Work request | Everything in the listing below should be repeated exactly, apart from the pictures.

Data provided |
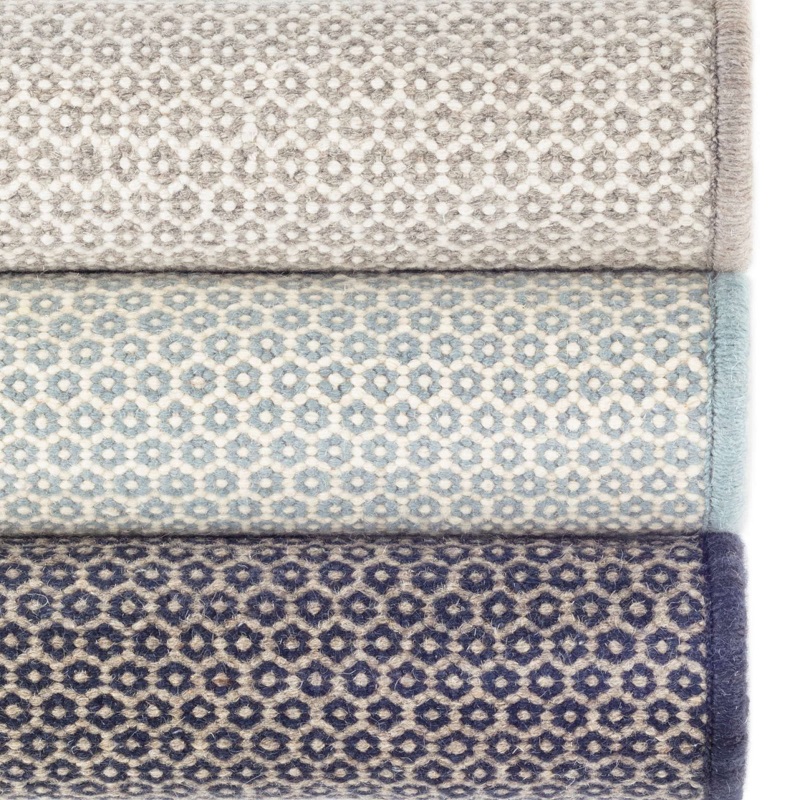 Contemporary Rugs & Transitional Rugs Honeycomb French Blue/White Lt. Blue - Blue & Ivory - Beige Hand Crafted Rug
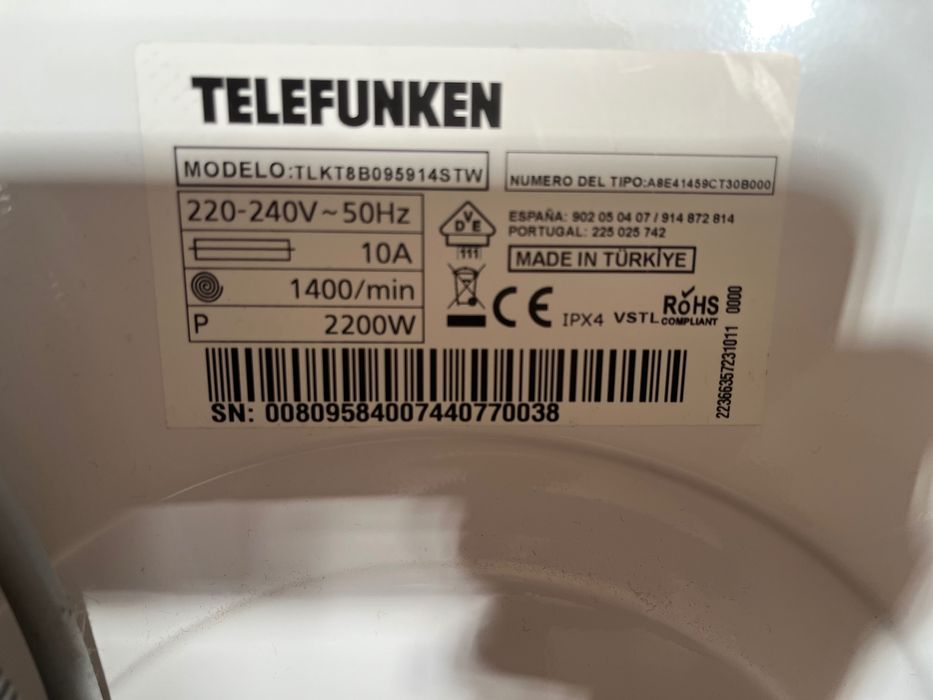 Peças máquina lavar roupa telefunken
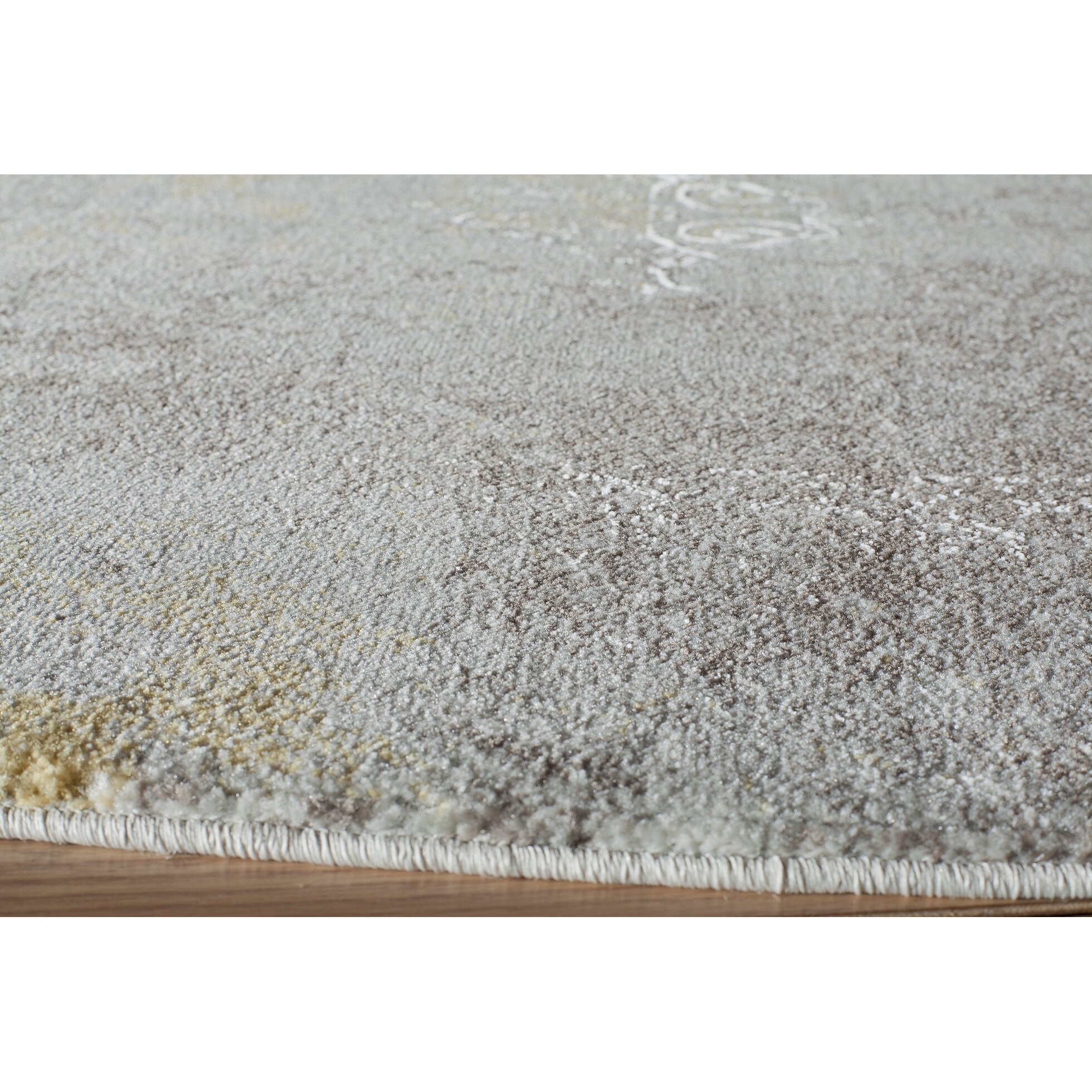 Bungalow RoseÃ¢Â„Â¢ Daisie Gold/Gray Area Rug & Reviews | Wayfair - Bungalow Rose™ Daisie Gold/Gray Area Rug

Solution |
 Contemporary Rugs & Transitional Rugs Honeycomb French Blue/White Lt. Blue - Blue & Ivory - Beige Hand Crafted Rug
 Peças máquina lavar roupa telefunken
 Bungalow RoseÃ¢Â„Â¢ Daisie Gold/Gray Area Rug & Reviews | Wayfair - Bungalow Rose™ Daisie Gold/Gray Area Rug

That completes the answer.